__Exercise prompt__.
Could you write out the data that follows, exactly and in full?

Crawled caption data
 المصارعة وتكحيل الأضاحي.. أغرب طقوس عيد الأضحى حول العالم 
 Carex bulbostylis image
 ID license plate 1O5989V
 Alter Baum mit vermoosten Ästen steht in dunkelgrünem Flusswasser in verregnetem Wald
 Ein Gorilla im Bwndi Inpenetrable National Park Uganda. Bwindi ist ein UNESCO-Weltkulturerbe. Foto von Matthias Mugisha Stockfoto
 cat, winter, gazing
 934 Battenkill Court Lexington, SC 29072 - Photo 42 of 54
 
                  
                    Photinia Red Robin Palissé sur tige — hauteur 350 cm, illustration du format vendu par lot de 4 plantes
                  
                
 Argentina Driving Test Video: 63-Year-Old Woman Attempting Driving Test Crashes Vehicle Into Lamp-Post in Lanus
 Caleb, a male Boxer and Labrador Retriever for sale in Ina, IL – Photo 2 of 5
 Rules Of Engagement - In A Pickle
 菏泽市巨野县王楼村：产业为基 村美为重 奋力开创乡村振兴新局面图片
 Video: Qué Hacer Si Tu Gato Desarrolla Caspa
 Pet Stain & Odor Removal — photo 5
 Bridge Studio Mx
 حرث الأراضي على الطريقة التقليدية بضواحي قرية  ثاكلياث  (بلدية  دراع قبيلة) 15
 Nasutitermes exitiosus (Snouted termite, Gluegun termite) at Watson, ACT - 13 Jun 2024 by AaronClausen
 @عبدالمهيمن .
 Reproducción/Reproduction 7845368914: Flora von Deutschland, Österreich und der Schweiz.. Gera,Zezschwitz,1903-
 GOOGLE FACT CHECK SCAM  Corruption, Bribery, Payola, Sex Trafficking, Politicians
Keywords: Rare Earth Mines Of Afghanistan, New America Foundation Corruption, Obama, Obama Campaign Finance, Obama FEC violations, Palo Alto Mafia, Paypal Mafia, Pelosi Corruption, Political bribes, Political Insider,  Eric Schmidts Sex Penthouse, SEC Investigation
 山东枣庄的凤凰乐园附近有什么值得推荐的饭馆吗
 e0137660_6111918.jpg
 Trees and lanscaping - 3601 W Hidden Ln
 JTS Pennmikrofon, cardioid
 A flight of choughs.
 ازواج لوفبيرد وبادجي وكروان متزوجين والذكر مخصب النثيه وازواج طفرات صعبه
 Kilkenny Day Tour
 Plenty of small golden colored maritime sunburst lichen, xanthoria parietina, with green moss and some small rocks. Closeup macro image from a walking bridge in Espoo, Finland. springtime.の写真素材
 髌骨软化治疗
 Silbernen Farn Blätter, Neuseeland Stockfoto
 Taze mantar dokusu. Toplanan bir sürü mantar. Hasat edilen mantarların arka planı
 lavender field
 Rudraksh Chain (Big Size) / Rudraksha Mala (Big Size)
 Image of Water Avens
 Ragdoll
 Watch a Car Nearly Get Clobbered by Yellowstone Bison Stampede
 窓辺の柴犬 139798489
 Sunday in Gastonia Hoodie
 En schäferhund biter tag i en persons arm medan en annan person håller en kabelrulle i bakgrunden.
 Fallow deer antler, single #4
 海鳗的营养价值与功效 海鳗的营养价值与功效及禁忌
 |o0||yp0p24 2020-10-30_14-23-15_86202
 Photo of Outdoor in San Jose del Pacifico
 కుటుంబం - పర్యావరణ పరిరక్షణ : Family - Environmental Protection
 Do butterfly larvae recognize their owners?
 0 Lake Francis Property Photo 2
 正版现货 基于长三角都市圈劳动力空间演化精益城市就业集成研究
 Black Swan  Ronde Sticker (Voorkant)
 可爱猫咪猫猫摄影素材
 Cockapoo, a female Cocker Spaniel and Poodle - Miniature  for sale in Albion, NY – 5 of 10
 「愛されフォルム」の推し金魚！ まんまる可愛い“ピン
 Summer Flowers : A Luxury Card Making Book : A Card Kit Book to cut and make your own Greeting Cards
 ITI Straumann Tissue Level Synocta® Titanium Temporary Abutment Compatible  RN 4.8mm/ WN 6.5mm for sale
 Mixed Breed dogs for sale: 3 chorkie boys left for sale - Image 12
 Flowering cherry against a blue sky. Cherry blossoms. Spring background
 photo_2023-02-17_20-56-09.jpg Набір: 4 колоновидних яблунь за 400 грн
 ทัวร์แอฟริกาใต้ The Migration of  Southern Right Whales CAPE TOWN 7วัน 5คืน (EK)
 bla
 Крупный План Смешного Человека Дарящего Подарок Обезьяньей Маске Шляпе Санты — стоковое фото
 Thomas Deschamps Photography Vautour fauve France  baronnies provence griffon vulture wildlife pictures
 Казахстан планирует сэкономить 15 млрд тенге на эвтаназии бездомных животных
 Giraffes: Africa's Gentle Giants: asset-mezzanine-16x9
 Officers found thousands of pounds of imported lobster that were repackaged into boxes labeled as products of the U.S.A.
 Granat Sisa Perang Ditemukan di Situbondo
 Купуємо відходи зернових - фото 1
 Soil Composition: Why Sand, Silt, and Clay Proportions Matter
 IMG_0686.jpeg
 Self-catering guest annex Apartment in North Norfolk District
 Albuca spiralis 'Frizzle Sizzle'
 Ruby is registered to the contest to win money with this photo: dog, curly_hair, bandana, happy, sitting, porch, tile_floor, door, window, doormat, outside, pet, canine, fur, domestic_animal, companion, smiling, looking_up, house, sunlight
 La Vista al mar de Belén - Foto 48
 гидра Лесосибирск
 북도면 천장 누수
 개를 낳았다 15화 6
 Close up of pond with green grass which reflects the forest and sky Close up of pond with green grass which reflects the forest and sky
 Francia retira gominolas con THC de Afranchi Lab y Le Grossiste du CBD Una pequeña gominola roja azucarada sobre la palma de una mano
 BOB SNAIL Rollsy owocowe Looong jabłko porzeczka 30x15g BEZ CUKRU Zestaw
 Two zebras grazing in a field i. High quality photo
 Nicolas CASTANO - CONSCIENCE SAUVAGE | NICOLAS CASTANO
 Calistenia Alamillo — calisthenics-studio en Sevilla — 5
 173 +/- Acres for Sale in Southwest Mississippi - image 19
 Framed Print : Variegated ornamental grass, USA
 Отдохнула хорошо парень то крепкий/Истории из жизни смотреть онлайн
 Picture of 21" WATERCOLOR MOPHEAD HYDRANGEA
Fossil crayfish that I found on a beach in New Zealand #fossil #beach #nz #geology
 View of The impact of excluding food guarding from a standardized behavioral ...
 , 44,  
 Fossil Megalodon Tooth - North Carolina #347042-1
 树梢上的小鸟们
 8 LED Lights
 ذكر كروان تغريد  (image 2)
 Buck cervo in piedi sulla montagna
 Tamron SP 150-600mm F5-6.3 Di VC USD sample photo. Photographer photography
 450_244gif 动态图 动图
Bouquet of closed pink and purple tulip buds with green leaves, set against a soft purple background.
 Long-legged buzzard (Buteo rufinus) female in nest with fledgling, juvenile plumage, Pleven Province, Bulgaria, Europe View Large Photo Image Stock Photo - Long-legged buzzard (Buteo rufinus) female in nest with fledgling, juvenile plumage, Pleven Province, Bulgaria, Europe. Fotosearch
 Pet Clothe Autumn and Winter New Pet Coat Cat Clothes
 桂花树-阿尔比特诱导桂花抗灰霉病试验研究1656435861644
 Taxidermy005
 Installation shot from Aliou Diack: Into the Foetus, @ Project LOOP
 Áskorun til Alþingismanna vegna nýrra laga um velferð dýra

__Response to this task__.
 المصارعة وتكحيل الأضاحي.. أغرب طقوس عيد الأضحى حول العالم 
 Carex bulbostylis image
 ID license plate 1O5989V
 Alter Baum mit vermoosten Ästen steht in dunkelgrünem Flusswasser in verregnetem Wald
 Ein Gorilla im Bwndi Inpenetrable National Park Uganda. Bwindi ist ein UNESCO-Weltkulturerbe. Foto von Matthias Mugisha Stockfoto
 cat, winter, gazing
 934 Battenkill Court Lexington, SC 29072 - Photo 42 of 54
 
                  
                    Photinia Red Robin Palissé sur tige — hauteur 350 cm, illustration du format vendu par lot de 4 plantes
                  
                
 Argentina Driving Test Video: 63-Year-Old Woman Attempting Driving Test Crashes Vehicle Into Lamp-Post in Lanus
 Caleb, a male Boxer and Labrador Retriever for sale in Ina, IL – Photo 2 of 5
 Rules Of Engagement - In A Pickle
 菏泽市巨野县王楼村：产业为基 村美为重 奋力开创乡村振兴新局面图片
 Video: Qué Hacer Si Tu Gato Desarrolla Caspa
 Pet Stain & Odor Removal — photo 5
 Bridge Studio Mx
 حرث الأراضي على الطريقة التقليدية بضواحي قرية  ثاكلياث  (بلدية  دراع قبيلة) 15
 Nasutitermes exitiosus (Snouted termite, Gluegun termite) at Watson, ACT - 13 Jun 2024 by AaronClausen
 @عبدالمهيمن .
 Reproducción/Reproduction 7845368914: Flora von Deutschland, Österreich und der Schweiz.. Gera,Zezschwitz,1903-
 GOOGLE FACT CHECK SCAM  Corruption, Bribery, Payola, Sex Trafficking, Politicians
Keywords: Rare Earth Mines Of Afghanistan, New America Foundation Corruption, Obama, Obama Campaign Finance, Obama FEC violations, Palo Alto Mafia, Paypal Mafia, Pelosi Corruption, Political bribes, Political Insider,  Eric Schmidts Sex Penthouse, SEC Investigation
 山东枣庄的凤凰乐园附近有什么值得推荐的饭馆吗
 e0137660_6111918.jpg
 Trees and lanscaping - 3601 W Hidden Ln
 JTS Pennmikrofon, cardioid
 A flight of choughs.
 ازواج لوفبيرد وبادجي وكروان متزوجين والذكر مخصب النثيه وازواج طفرات صعبه
 Kilkenny Day Tour
 Plenty of small golden colored maritime sunburst lichen, xanthoria parietina, with green moss and some small rocks. Closeup macro image from a walking bridge in Espoo, Finland. springtime.の写真素材
 髌骨软化治疗
 Silbernen Farn Blätter, Neuseeland Stockfoto
 Taze mantar dokusu. Toplanan bir sürü mantar. Hasat edilen mantarların arka planı
 lavender field
 Rudraksh Chain (Big Size) / Rudraksha Mala (Big Size)
 Image of Water Avens
 Ragdoll
 Watch a Car Nearly Get Clobbered by Yellowstone Bison Stampede
 窓辺の柴犬 139798489
 Sunday in Gastonia Hoodie
 En schäferhund biter tag i en persons arm medan en annan person håller en kabelrulle i bakgrunden.
 Fallow deer antler, single #4
 海鳗的营养价值与功效 海鳗的营养价值与功效及禁忌
 |o0||yp0p24 2020-10-30_14-23-15_86202
 Photo of Outdoor in San Jose del Pacifico
 కుటుంబం - పర్యావరణ పరిరక్షణ : Family - Environmental Protection
 Do butterfly larvae recognize their owners?
 0 Lake Francis Property Photo 2
 正版现货 基于长三角都市圈劳动力空间演化精益城市就业集成研究
 Black Swan  Ronde Sticker (Voorkant)
 可爱猫咪猫猫摄影素材
 Cockapoo, a female Cocker Spaniel and Poodle - Miniature  for sale in Albion, NY – 5 of 10
 「愛されフォルム」の推し金魚！ まんまる可愛い“ピン
 Summer Flowers : A Luxury Card Making Book : A Card Kit Book to cut and make your own Greeting Cards
 ITI Straumann Tissue Level Synocta® Titanium Temporary Abutment Compatible  RN 4.8mm/ WN 6.5mm for sale
 Mixed Breed dogs for sale: 3 chorkie boys left for sale - Image 12
 Flowering cherry against a blue sky. Cherry blossoms. Spring background
 photo_2023-02-17_20-56-09.jpg Набір: 4 колоновидних яблунь за 400 грн
 ทัวร์แอฟริกาใต้ The Migration of  Southern Right Whales CAPE TOWN 7วัน 5คืน (EK)
 bla
 Крупный План Смешного Человека Дарящего Подарок Обезьяньей Маске Шляпе Санты — стоковое фото
 Thomas Deschamps Photography Vautour fauve France  baronnies provence griffon vulture wildlife pictures
 Казахстан планирует сэкономить 15 млрд тенге на эвтаназии бездомных животных
 Giraffes: Africa's Gentle Giants: asset-mezzanine-16x9
 Officers found thousands of pounds of imported lobster that were repackaged into boxes labeled as products of the U.S.A.
 Granat Sisa Perang Ditemukan di Situbondo
 Купуємо відходи зернових - фото 1
 Soil Composition: Why Sand, Silt, and Clay Proportions Matter
 IMG_0686.jpeg
 Self-catering guest annex Apartment in North Norfolk District
 Albuca spiralis 'Frizzle Sizzle'
 Ruby is registered to the contest to win money with this photo: dog, curly_hair, bandana, happy, sitting, porch, tile_floor, door, window, doormat, outside, pet, canine, fur, domestic_animal, companion, smiling, looking_up, house, sunlight
 La Vista al mar de Belén - Foto 48
 гидра Лесосибирск
 북도면 천장 누수
 개를 낳았다 15화 6
 Close up of pond with green grass which reflects the forest and sky Close up of pond with green grass which reflects the forest and sky
 Francia retira gominolas con THC de Afranchi Lab y Le Grossiste du CBD Una pequeña gominola roja azucarada sobre la palma de una mano
 BOB SNAIL Rollsy owocowe Looong jabłko porzeczka 30x15g BEZ CUKRU Zestaw
 Two zebras grazing in a field i. High quality photo
 Nicolas CASTANO - CONSCIENCE SAUVAGE | NICOLAS CASTANO
 Calistenia Alamillo — calisthenics-studio en Sevilla — 5
 173 +/- Acres for Sale in Southwest Mississippi - image 19
 Framed Print : Variegated ornamental grass, USA
 Отдохнула хорошо парень то крепкий/Истории из жизни смотреть онлайн
 Picture of 21" WATERCOLOR MOPHEAD HYDRANGEA
Fossil crayfish that I found on a beach in New Zealand #fossil #beach #nz #geology
 View of The impact of excluding food guarding from a standardized behavioral ...
 , 44,  
 Fossil Megalodon Tooth - North Carolina #347042-1
 树梢上的小鸟们
 8 LED Lights
 ذكر كروان تغريد  (image 2)
 Buck cervo in piedi sulla montagna
 Tamron SP 150-600mm F5-6.3 Di VC USD sample photo. Photographer photography
 450_244gif 动态图 动图
Bouquet of closed pink and purple tulip buds with green leaves, set against a soft purple background.
 Long-legged buzzard (Buteo rufinus) female in nest with fledgling, juvenile plumage, Pleven Province, Bulgaria, Europe View Large Photo Image Stock Photo - Long-legged buzzard (Buteo rufinus) female in nest with fledgling, juvenile plumage, Pleven Province, Bulgaria, Europe. Fotosearch
 Pet Clothe Autumn and Winter New Pet Coat Cat Clothes
 桂花树-阿尔比特诱导桂花抗灰霉病试验研究1656435861644
 Taxidermy005
 Installation shot from Aliou Diack: Into the Foetus, @ Project LOOP
 Áskorun til Alþingismanna vegna nýrra laga um velferð dýra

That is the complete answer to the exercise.